■ **Given entries**:
**********

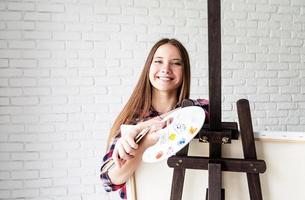 belle artiste femme souriante avec palette de couleurs et pinceaux photo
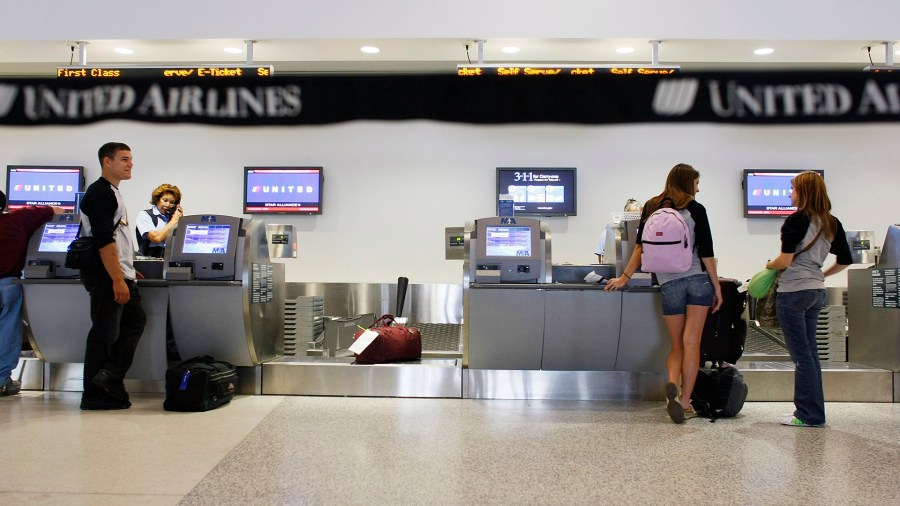 In this file photo, passengers check in with their baggage at the United Airlines counter at the Miami International Airport in Miami. (Credit: Joe Raedle/Getty Images)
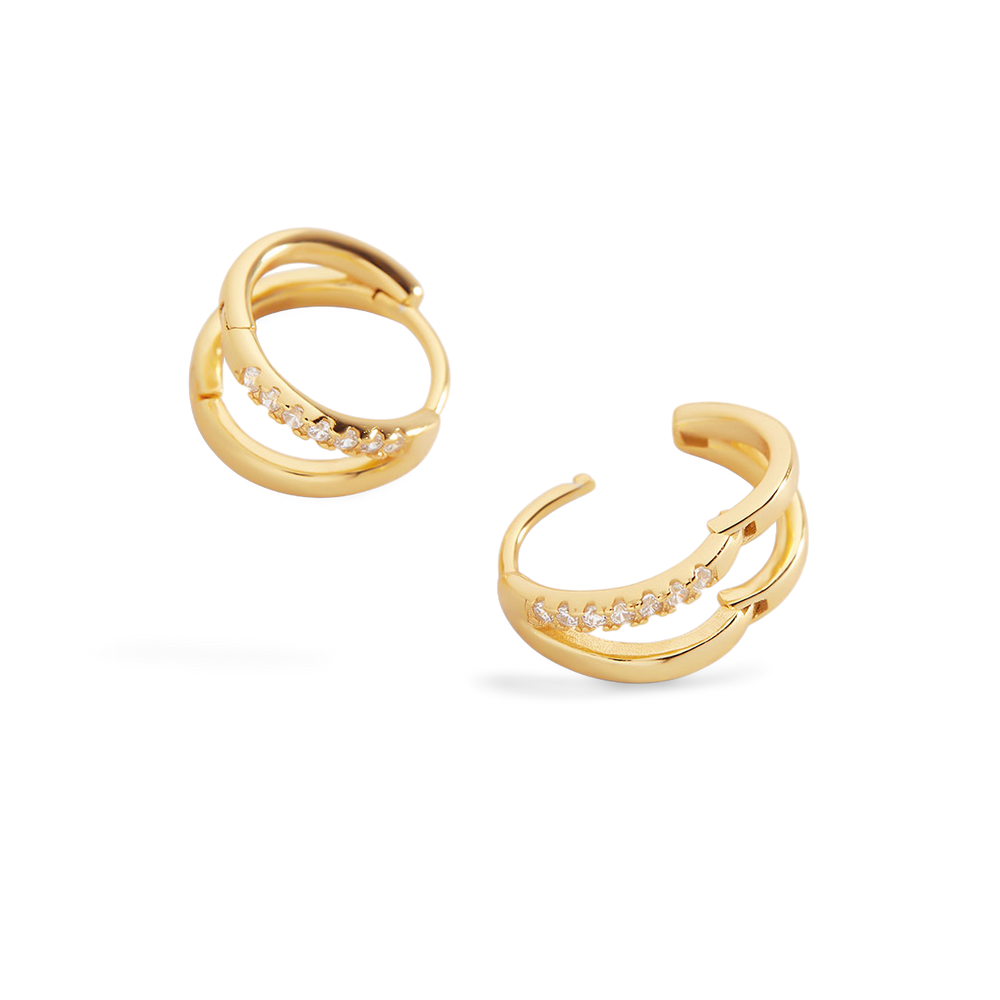 Gold hoop earrings with small diamonds on a light gray background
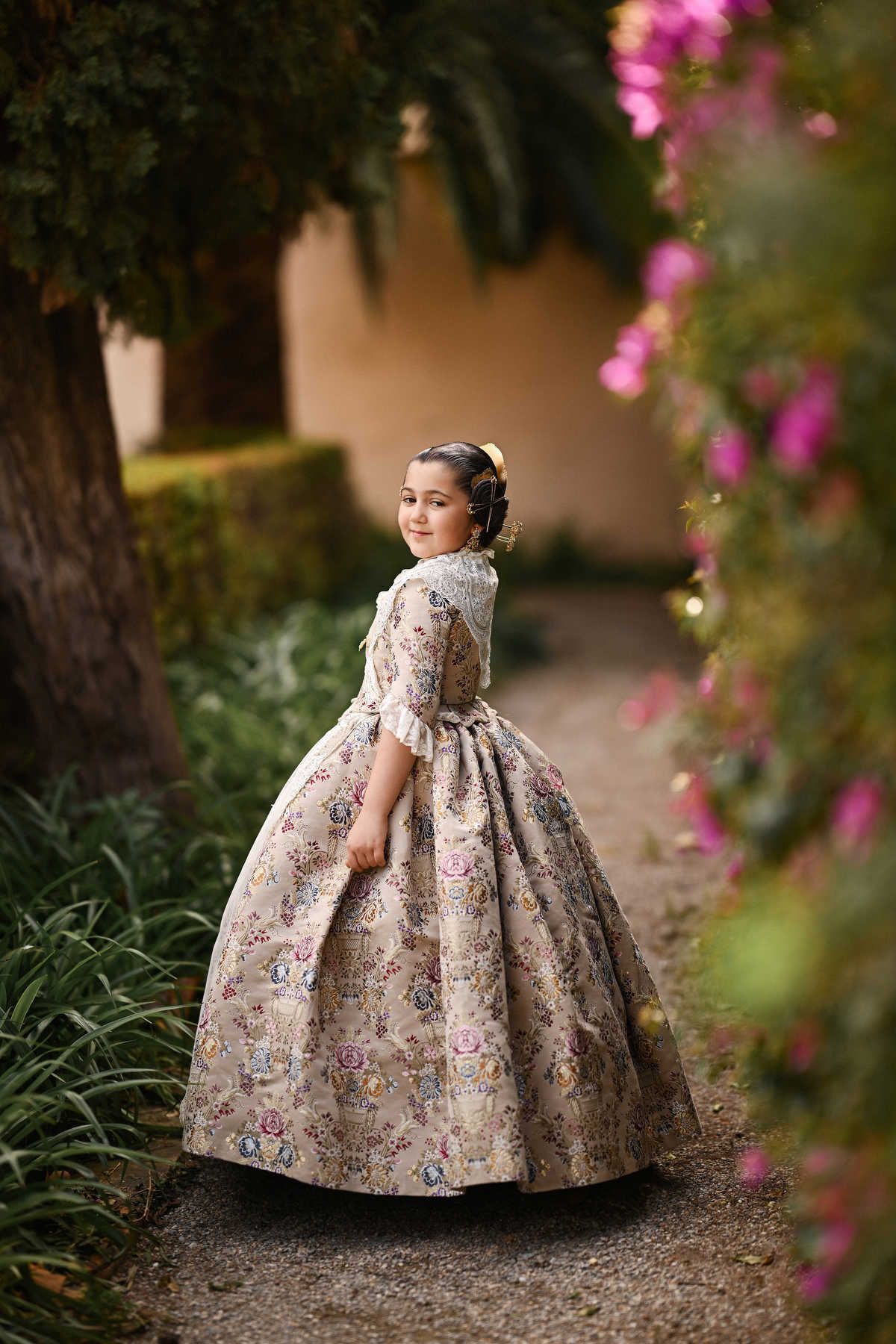 A graceful full-body portrait of a young girl posing in her intricate traje de fallera against the lush greenery of Jardines de Monforte.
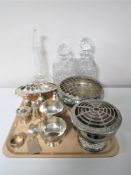 A tray containing two lead crystal whiskey decanters with stoppers with one other,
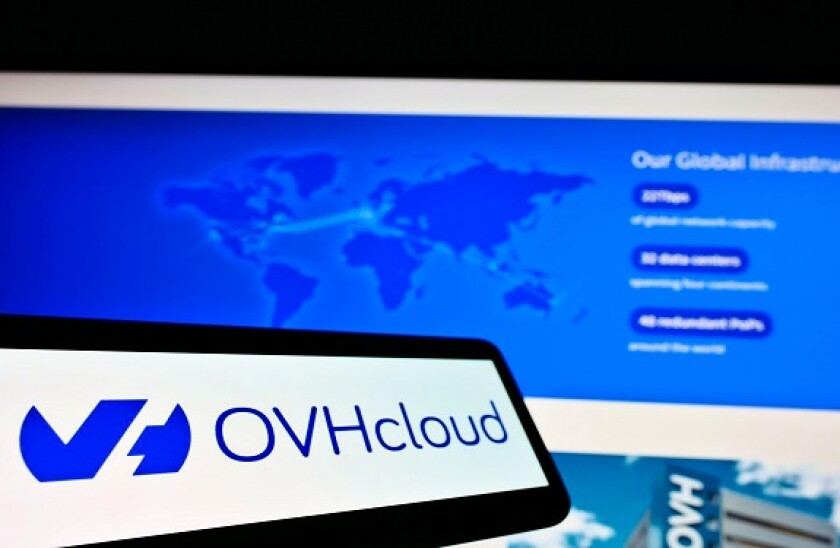 Mobile phone with logo of French cloud computing provider OVH Groupe SAS on screen in front of website. Focus on center-left of phone display.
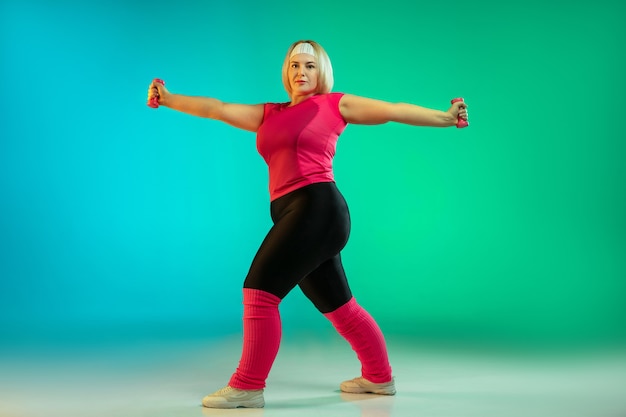 Young caucasian plus size female model's training on gradient green background in neon light.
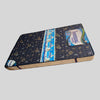 Black tufted bed with white bedding and 'Universal Mattresses' logo on a light gray background

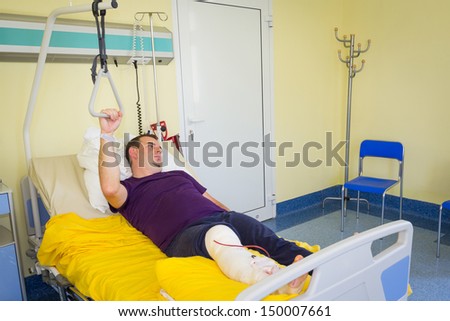 Man lying in hospital after arthroscopic surgery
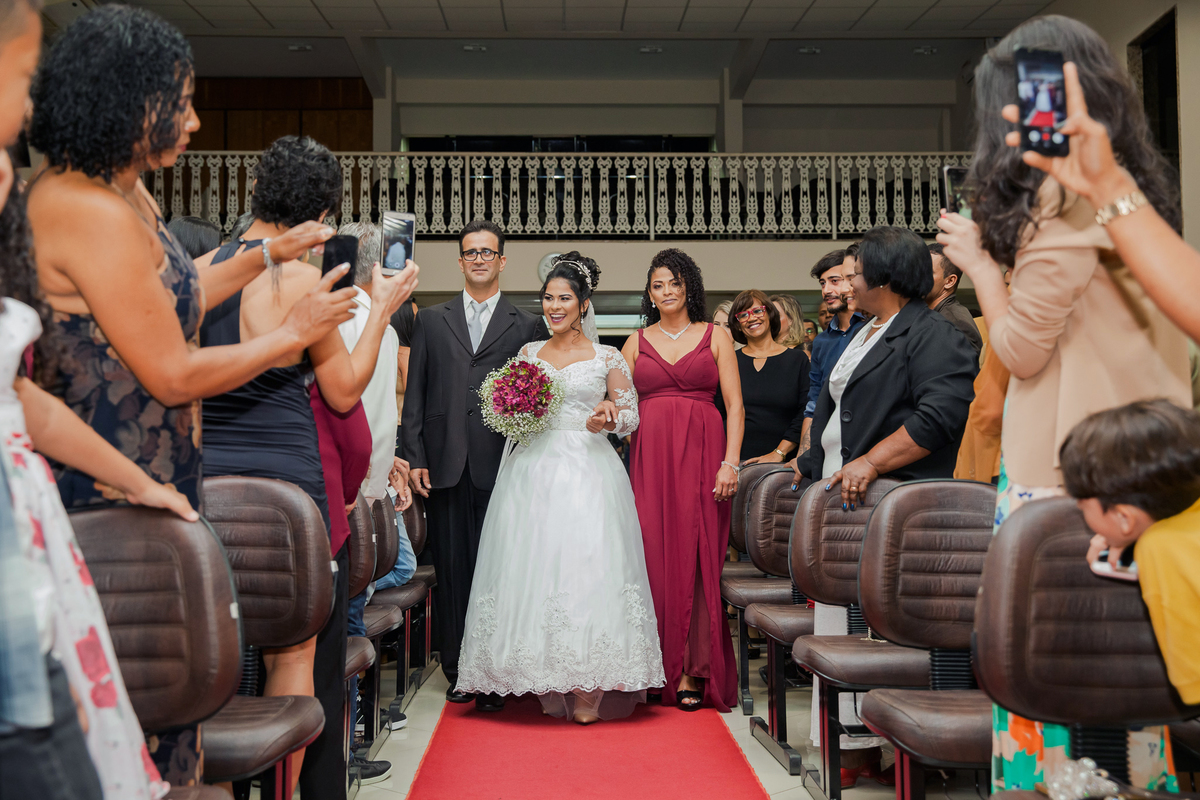 Noiva muito feliz entrando na igreja com seus pais em casamento na igreja Metodista Central em Santo Antonio de Pádua no Rio de Janeiro.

**********

■ **Problem description**: Each line from the first line of the material above through the line containing "A graceful full-body" is to be reproduced exactly, with both ends kept and pictures left out.

■ **Finished exercise**:
 belle artiste femme souriante avec palette de couleurs et pinceaux photo
 In this file photo, passengers check in with their baggage at the United Airlines counter at the Miami International Airport in Miami. (Credit: Joe Raedle/Getty Images)
 Gold hoop earrings with small diamonds on a light gray background
 A graceful full-body portrait of a young girl posing in her intricate traje de fallera against the lush greenery of Jardines de Monforte.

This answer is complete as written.